-- Task material --

[Start of section]

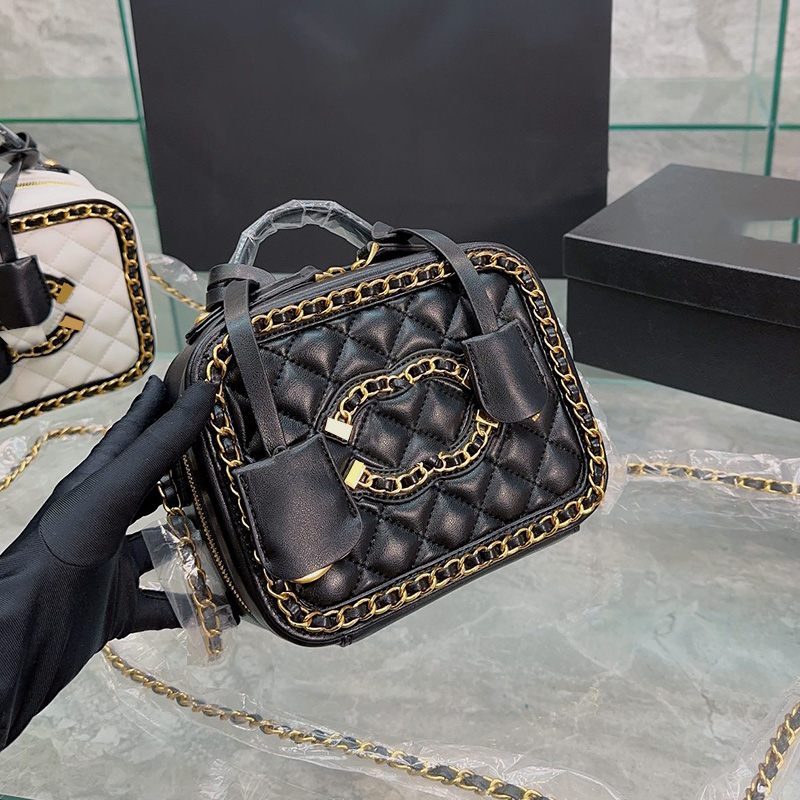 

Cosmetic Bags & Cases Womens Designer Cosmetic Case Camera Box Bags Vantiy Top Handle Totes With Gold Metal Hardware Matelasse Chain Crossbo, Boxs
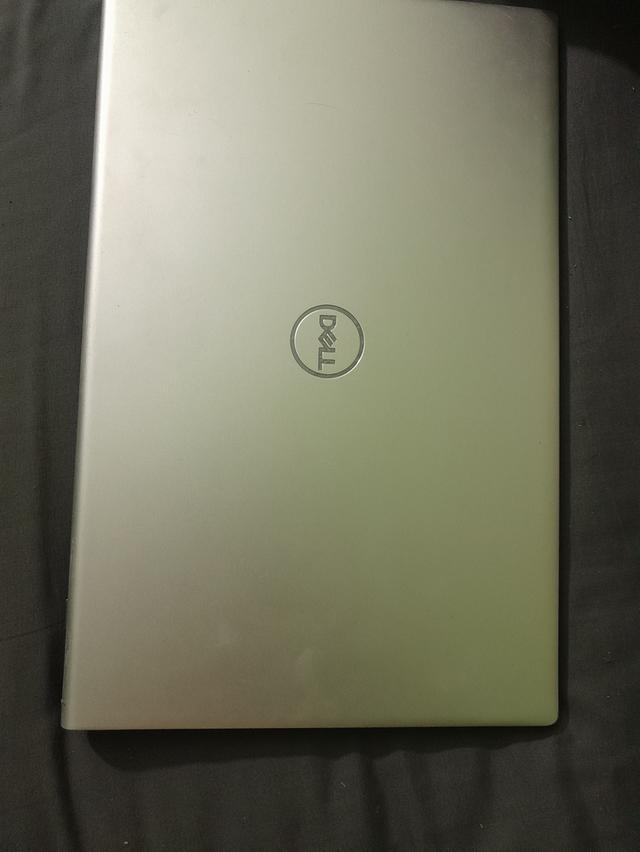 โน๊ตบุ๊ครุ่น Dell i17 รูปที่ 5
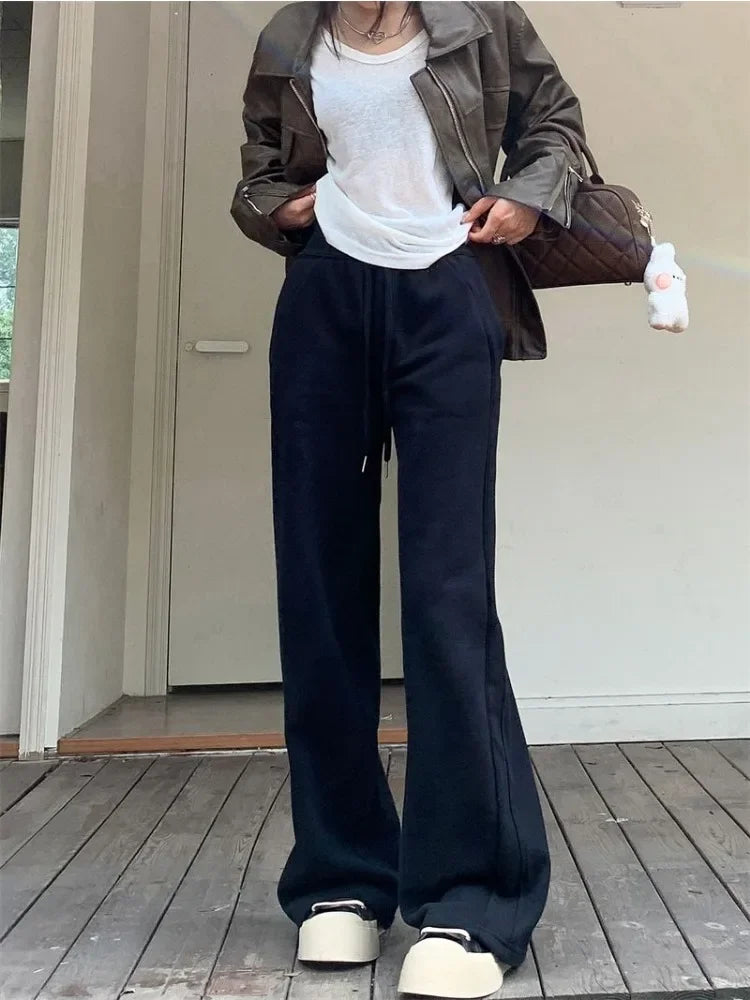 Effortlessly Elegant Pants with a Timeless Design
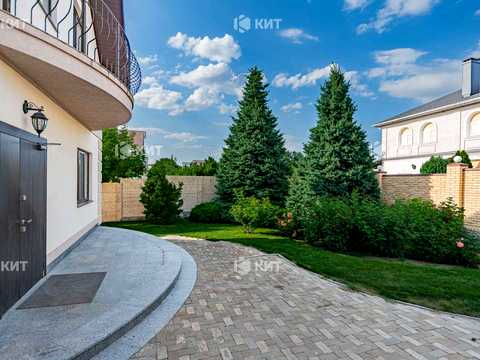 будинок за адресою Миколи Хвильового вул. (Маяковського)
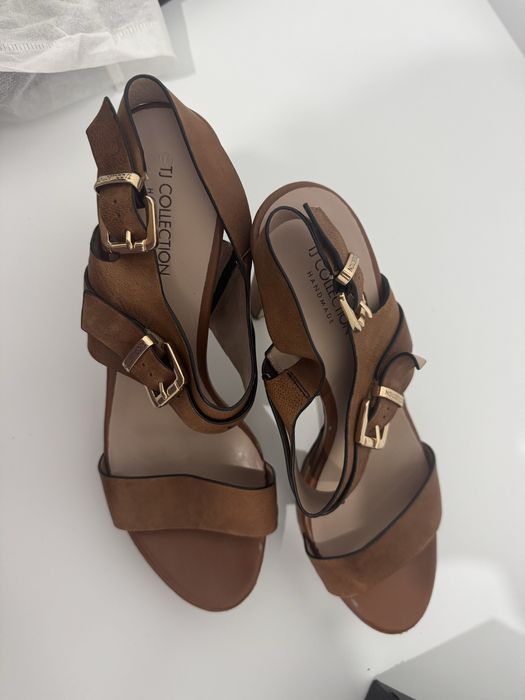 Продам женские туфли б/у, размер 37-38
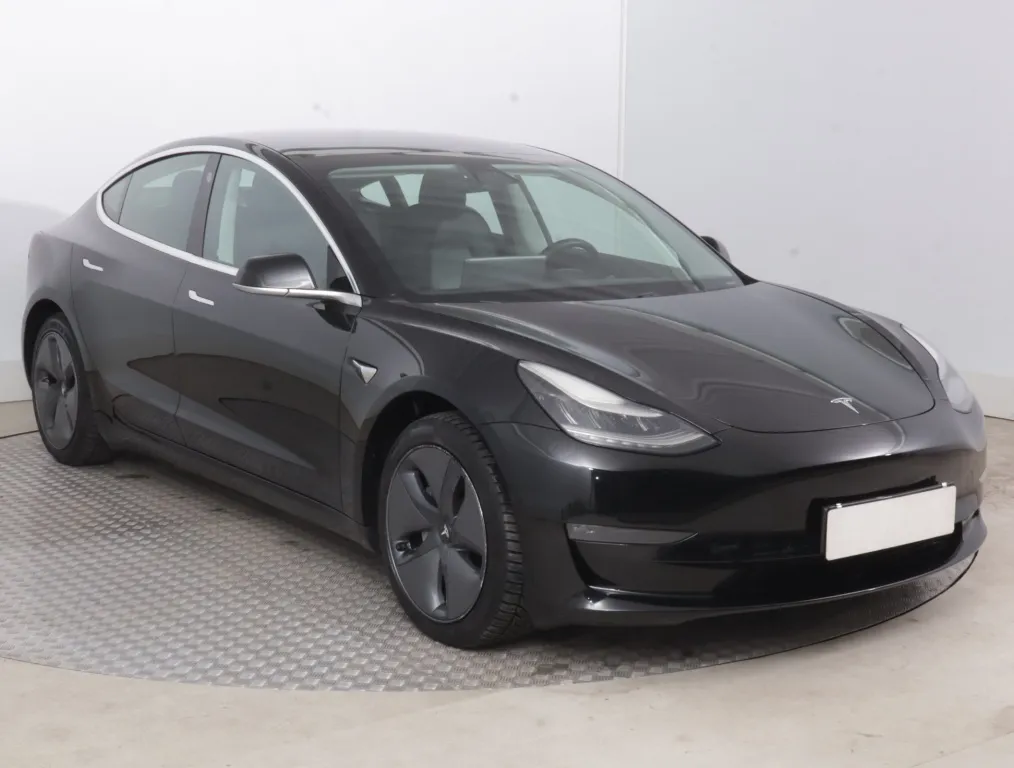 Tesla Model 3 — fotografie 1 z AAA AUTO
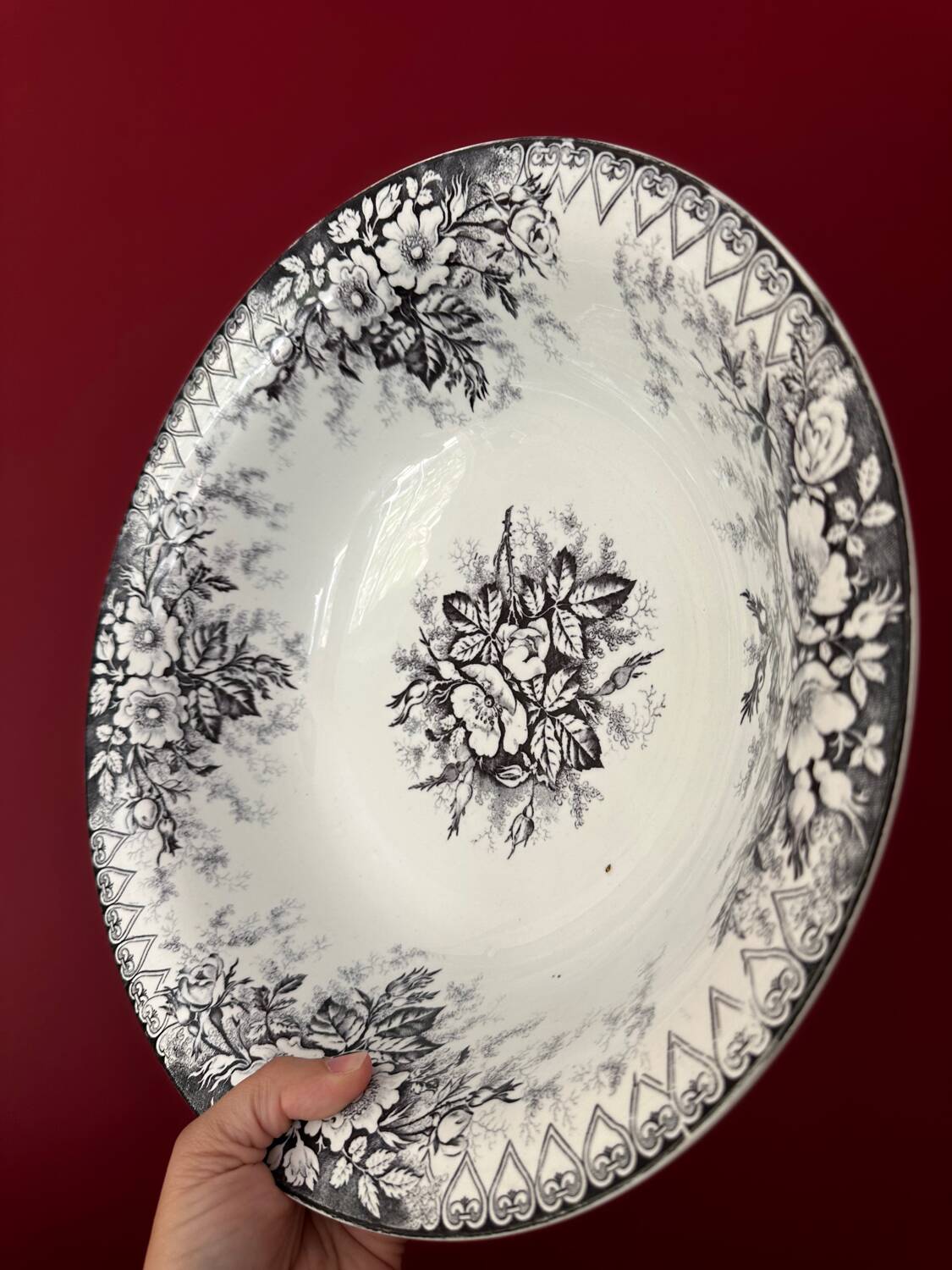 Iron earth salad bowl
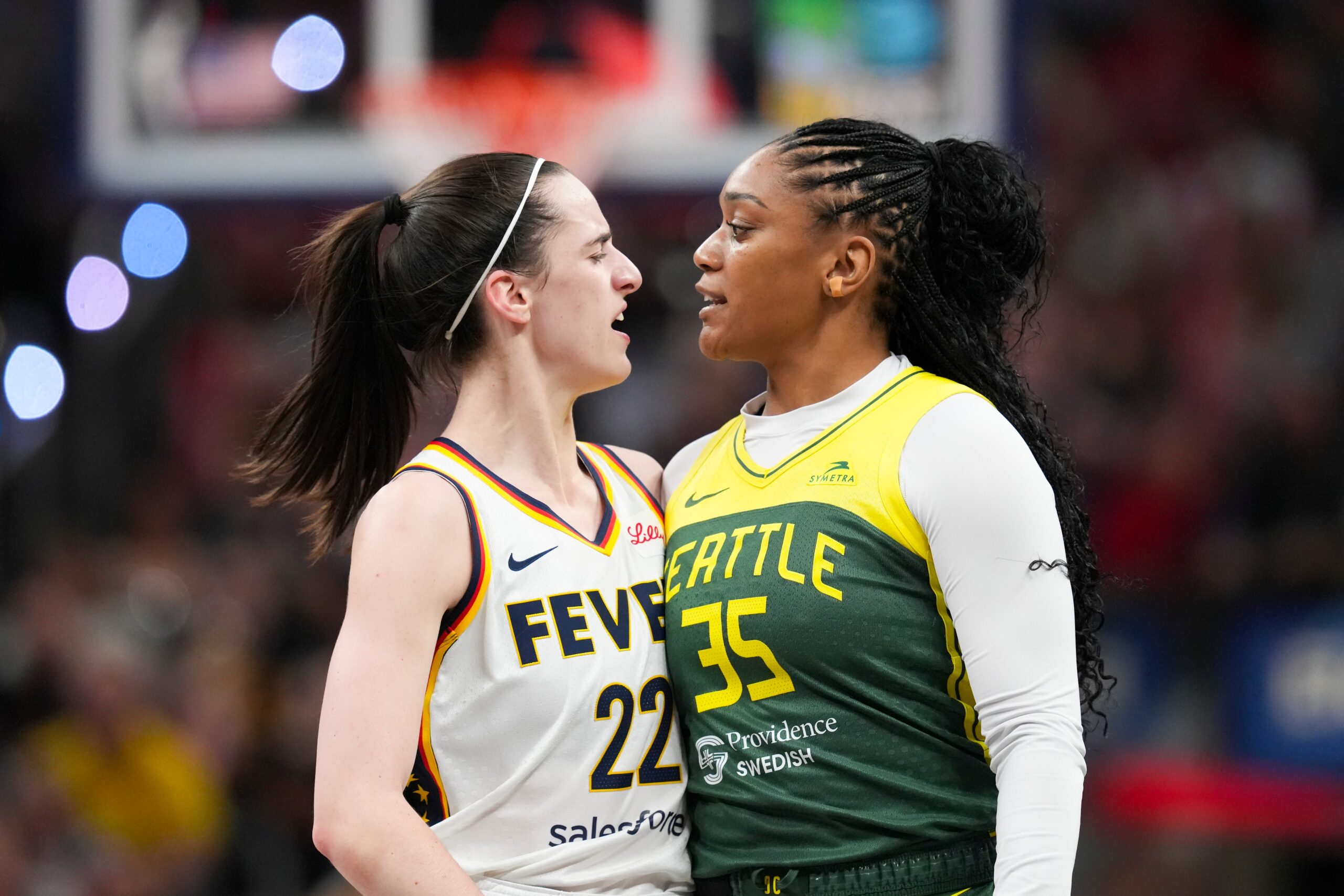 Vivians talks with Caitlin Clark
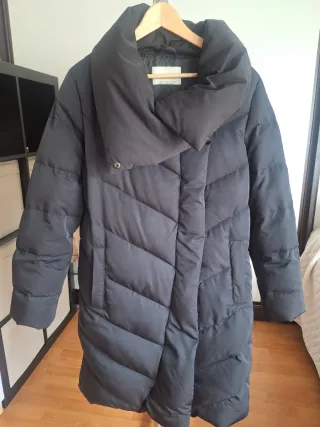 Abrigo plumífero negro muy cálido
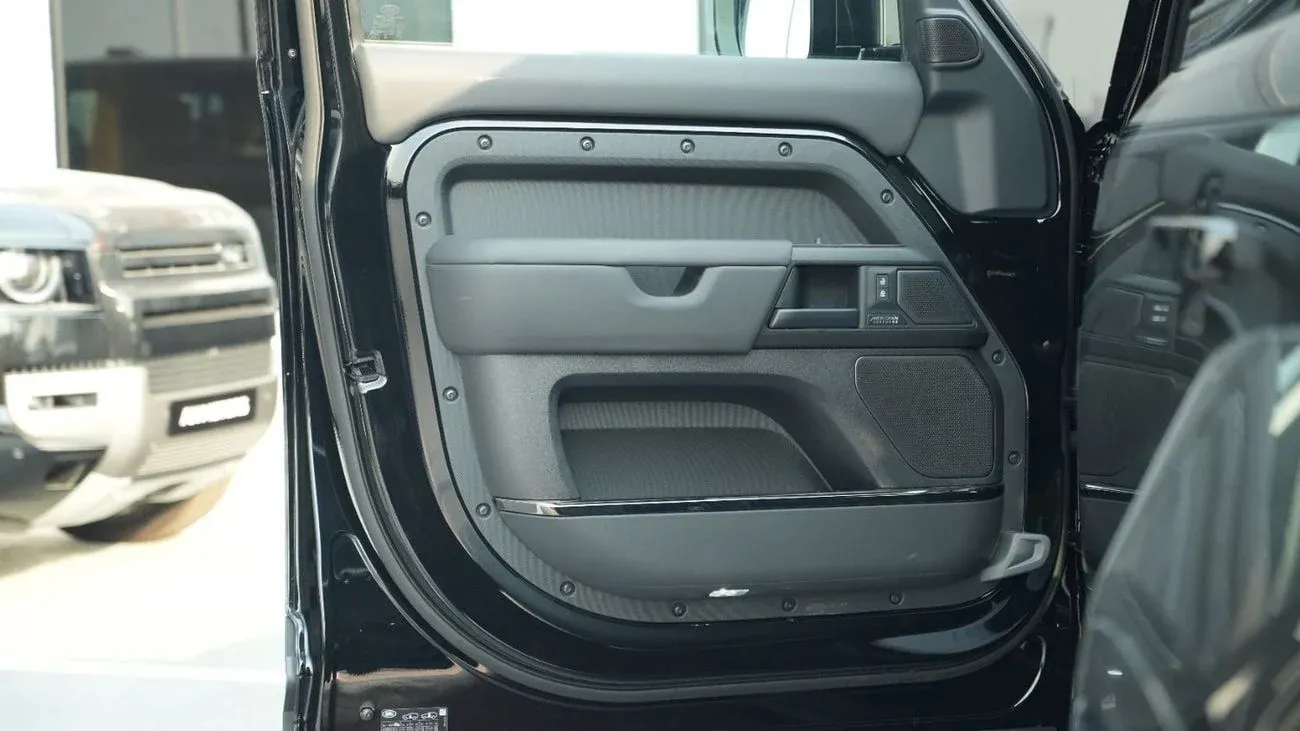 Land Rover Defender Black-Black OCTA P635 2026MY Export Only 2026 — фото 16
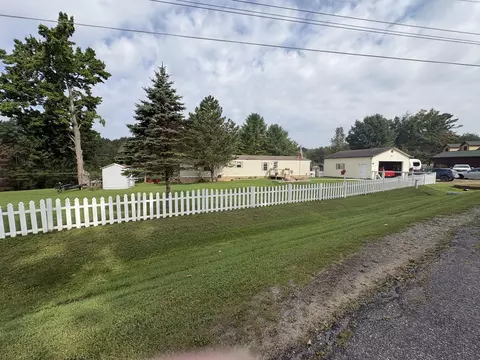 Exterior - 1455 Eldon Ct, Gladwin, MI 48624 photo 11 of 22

[End of section]

-- Exercise description --
Copy out the whole listing exactly, and don't carry over any pictures.

-- Task result --
Cosmetic Bags & Cases Womens Designer Cosmetic Case Camera Box Bags Vantiy Top Handle Totes With Gold Metal Hardware Matelasse Chain Crossbo, Boxs
 โน๊ตบุ๊ครุ่น Dell i17 รูปที่ 5
 Effortlessly Elegant Pants with a Timeless Design
 будинок за адресою Миколи Хвильового вул. (Маяковського)
 Продам женские туфли б/у, размер 37-38
 Tesla Model 3 — fotografie 1 z AAA AUTO
 Iron earth salad bowl
 Vivians talks with Caitlin Clark
 Abrigo plumífero negro muy cálido
 Land Rover Defender Black-Black OCTA P635 2026MY Export Only 2026 — фото 16
 Exterior - 1455 Eldon Ct, Gladwin, MI 48624 photo 11 of 22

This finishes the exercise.